Pronto empezaron los cortes y las primeras cometas derrotadas giraron en remolino fuera de control. Caían del cielo como estrellas fugaces de colas brillantes y rizadas, lloviendo sobre los barrios y convirtiéndose en premios para los voladores de cometas, que vociferaban mientras se precipitaban por las calles. Alguien informaba a gritos sobre una lucha que estaba teniendo lugar dos calles más abajo.
Yo seguía lanzando miradas furtivas a Baba, que continuaba sentado en la azotea en compañía de Rahim Kan, y me preguntaba en qué estaría pensando. ¿Me animaría? ¿O una parte de él disfrutaría viéndome fracasar? En eso consistía volar cometas; en dejar que tu cabeza volara junto a ella.

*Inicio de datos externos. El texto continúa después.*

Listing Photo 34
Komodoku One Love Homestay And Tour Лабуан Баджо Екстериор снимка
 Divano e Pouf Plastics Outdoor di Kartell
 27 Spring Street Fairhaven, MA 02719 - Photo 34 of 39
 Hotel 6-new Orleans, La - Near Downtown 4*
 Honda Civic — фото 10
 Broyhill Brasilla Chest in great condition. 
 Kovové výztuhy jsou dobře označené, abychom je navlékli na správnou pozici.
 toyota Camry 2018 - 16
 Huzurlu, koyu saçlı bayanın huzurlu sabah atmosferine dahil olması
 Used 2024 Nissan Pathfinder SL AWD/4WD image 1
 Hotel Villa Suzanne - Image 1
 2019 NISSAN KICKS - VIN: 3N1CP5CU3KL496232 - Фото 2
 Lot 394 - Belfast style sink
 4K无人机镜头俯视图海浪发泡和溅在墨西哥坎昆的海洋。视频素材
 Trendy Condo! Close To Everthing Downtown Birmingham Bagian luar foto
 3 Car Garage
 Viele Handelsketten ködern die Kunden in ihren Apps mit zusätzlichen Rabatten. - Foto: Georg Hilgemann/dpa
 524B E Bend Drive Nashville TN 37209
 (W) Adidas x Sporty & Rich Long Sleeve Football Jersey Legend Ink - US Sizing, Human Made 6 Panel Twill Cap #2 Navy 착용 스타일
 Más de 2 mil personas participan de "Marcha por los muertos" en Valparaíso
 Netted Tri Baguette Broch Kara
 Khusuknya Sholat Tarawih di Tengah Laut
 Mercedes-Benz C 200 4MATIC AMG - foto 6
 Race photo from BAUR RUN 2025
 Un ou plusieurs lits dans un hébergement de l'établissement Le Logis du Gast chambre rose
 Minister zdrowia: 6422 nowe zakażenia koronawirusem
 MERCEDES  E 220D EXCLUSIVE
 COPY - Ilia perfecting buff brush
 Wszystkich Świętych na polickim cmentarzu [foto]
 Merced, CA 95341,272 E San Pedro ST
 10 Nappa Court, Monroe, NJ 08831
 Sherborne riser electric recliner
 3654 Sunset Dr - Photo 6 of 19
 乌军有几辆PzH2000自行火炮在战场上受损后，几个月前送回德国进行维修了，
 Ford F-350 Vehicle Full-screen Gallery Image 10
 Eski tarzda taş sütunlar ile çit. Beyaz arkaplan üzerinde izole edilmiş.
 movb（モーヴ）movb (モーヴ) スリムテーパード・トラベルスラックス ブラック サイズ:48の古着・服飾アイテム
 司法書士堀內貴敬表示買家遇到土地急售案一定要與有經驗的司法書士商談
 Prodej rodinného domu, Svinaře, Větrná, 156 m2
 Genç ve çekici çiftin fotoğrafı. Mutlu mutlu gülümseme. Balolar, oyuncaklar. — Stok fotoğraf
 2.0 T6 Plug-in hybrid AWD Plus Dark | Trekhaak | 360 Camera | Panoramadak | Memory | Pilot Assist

Por todas partes caían cometas, y yo seguía volando. Seguía volando. Mis ojos observaban de vez en cuando a Baba, envuelto en su abrigo de lana. ¿Estaría sorprendido de que durara tanto? «Si no mantienes la mirada fija en el cielo, no durarás mucho.» Fijé nuevamente los ojos en el cielo. Se acercaba una cometa roja..., la pillaría a tiempo. Me enredé un poco con ella, pero acabé superándola cuando su portador se impacientó y trató de cortarme desde abajo.